Usage instructions¶

Important

Before using SCORPiOs, you should go to the SCORPiOs root folder and activate the conda environment with the command conda activate scorpios.

Running SCORPiOs on example data¶

We recommend running a test with our example data to ensure that installation was successful and to get familiar with the pipeline, inputs and outputs.

SCORPiOs uses a YAML configuration file to specify inputs and parameters for each run. An example configuration file is provided: config_example.yaml. This configuration file executes SCORPiOs on toy example data, that you can use as reference for input formats. We explain how to format your own configuration file and input files in more details in the next chapter (see Data file formats and Configuration file).
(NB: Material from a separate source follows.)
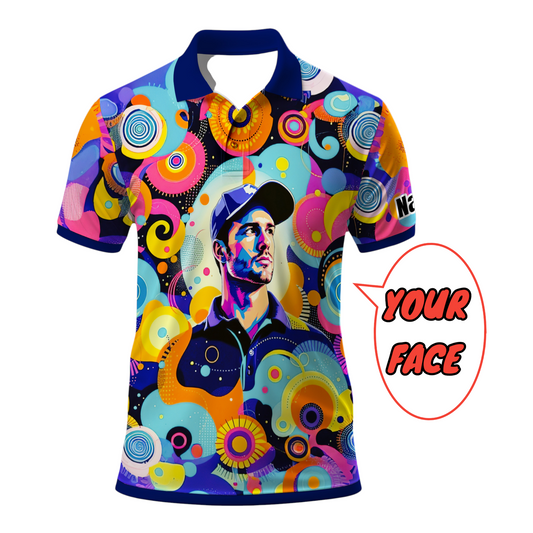 HomyGifts Custom Face Polo Shirt – Personalized Abstract Geometric Art Photo Shirt, Unique Gift for Him & Her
Here, we present the main commands to run SCORPiOs.

Example 1: Simple SCORPiOs run¶

The only required Snakemake arguments to run SCORPiOs are --configfile, the --use-conda flag and the --scheduler=greedy option. You also need to specify the number of threads via --cores. For more advanced options, you can look at the Snakemake documentation.

To run SCORPiOs on example data, go to the SCORPiOs root folder and run:

snakemake --configfile config_example.yaml --use-conda --cores 4 --scheduler=greedy

The following output should be generated: SCORPiOs_example/SCORPiOs_output_0.nhx.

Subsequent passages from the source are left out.